If you loved The Unlikely Pilgrimage of Harold Fry then preorder this one! It’s available September 5, 2017 in an perfect paperback edition.


Over the course of a couple of evenings, I burned through THE BURNING GIRL by Claire Messud on sale August 29, 2017 and published by W.W. Norton. Have you read her previous novel The Emperor’s Children which was a New York Times, Los Angeles Times, and Washington Post Best Book of the Year.

Her latest has a rich psychological power that you expect from Messud but this hits the right note for appealing to a more general audience and dare I say it – perfect for your book club!

I have to share what my colleague Jenna wrote because it is pitch-perfect:

“Julie and Cassie have been friends since nursery school and shared everything – including their desire to escape the stifling limitations of their quiet hometown of Royston, Massachusetts – but as they enter adolescence, their paths diverge and Cassie sets out on a journey that will put her life in danger and shatter their friendship.

Julie narrates this story, letting you, the reader, know that what she is telling you is a terrible secret. She is desperate to help Cassie even as she pulls away from her, but in trying to save her she may betray her in the most intimate way possible. This book is simple in its appearance – it’s plot, while gripping, is a tale we’ve heard before - but once you bite into it you’ll find layers of complexity that speak to several vital questions: how well can we really know another person, even our closest friends; how we construct stories about ours and others’ lives – stories that can smother and destroy; and – incredibly important for our times - how we teach young women to be afraid.

This book is hypnotic, evocative, and so incredibly insightful into the fact that growing up and being a girl is about learning to be afraid and the fact that you come to know, in a way you don’t as a kid, that your body is vulnerable, imperfectly fortified – that it’s both precious and totally dispensable, depending on whom you encounter. I would comp this book to The Best Kind of People by Zoe Whittall and Girls by Emma Cline.”

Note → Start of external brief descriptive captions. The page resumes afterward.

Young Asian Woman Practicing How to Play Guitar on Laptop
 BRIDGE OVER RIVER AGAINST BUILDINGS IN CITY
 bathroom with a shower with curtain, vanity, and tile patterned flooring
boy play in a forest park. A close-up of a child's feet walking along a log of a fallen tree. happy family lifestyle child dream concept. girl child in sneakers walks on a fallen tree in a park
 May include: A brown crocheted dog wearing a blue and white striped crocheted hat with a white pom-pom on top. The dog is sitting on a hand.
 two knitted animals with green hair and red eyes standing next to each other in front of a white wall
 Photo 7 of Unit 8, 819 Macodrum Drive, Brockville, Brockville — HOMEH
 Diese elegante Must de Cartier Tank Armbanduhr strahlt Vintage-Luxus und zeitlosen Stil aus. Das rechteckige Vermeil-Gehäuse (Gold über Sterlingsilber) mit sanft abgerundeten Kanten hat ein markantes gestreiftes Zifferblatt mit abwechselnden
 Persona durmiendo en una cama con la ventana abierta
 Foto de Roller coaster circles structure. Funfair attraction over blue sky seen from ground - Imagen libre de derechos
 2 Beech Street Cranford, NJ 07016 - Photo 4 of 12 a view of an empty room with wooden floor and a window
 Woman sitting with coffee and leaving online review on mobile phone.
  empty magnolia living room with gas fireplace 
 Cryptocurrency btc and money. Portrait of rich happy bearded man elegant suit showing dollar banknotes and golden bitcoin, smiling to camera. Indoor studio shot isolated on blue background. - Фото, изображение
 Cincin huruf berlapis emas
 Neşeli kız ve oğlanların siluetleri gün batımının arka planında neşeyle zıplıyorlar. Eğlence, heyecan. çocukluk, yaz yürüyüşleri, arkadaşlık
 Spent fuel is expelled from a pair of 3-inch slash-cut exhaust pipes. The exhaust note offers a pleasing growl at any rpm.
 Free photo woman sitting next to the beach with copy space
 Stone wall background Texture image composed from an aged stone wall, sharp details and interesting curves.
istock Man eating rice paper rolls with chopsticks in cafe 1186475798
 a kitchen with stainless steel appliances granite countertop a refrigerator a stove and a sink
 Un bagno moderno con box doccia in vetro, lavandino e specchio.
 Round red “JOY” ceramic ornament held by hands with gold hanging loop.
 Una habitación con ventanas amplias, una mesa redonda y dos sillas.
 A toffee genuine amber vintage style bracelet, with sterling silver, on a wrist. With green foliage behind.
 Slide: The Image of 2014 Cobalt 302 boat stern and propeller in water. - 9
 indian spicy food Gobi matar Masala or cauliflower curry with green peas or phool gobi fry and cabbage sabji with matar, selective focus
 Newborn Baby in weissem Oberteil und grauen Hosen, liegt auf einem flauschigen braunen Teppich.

Last Friday night I spent from 4-10pm with Allen Eskens. It’s not what you think! He was actually in Hawaii at the Left Coast Crime writer’s convention while I was in Toronto. I swear! There are witnesses!!!

His fourth book available October 3, 2017 is as he says “his finest”. I agree along with his publisher Seventh Street Books.

“It seems no one can help me now. I’m in too deep. There’s no way out.”

THE DEEP DARK DESCENDING has Homicide Detective Max Rupert knee deep in snow at the US/Canadian border at the start of this mystery/suspense/thriller with an ax in his hand and a man unconscious in the snow.

Intrigued as I “disappear behind my cloud of ink”.

Max never fully accepted his wife’s death, even when he believed that a reckless hit and run driver was the cause. But when he learns that in fact she was murdered, he devotes himself to hunting down her killers. Most of his life he had thought of himself as a decent man. But now he’s so consumed with thoughts of retribution that he questions whether he will take that last step and enact the vengeance he longs for.

On a frozen lake near the US-Canadian border, he wrestles with a decision that could change his life forever, as his hatred threatens to turn him into the kind of person he has spent a career bringing to justice.

Not only has Eskens continued where The Heavens May Fall left off but he also wrote a love story layered within the mystery. My heart broke in the chapter about Jenni’s bracelet.

AND he has also included Toronto in the story line again … I swear it’s because of me!

I loved Chapter 24 when he shares The Art of War by Sun Tzu and illustrates how he uses this strategy with a really despicable character called Briggs.

At the end when “the ice seems to have turned to stone” and a full moon was rising … the ending brought me to peace.

Reading six hours straight on a Friday night, live tweeting, with a break for dinner, is the only way I have read Esken’s previous three books. They are, as they say, a page turner!


Now not all books are my cup of tea and yet I must read them as I want to expand my usual literary faves and genres and I do hope to learn from them. You, dear reader, will adore Eileen Chang I’m sure after finding out more about her.

LITTLE REUNIONS by Eileen Chang, translated from the Chinese by Martin Merz and Jane Weizhen Pan and published by New York Review Books. This novel is the English-language debut of Chang’s best-selling autobiographical depiction of class privilege, bad romance and political intrigue during World War II in China.

It’s a dark romance that opens in Hong Kong while Julie is living at a convent school and it is on the eve of the Japanese invasion.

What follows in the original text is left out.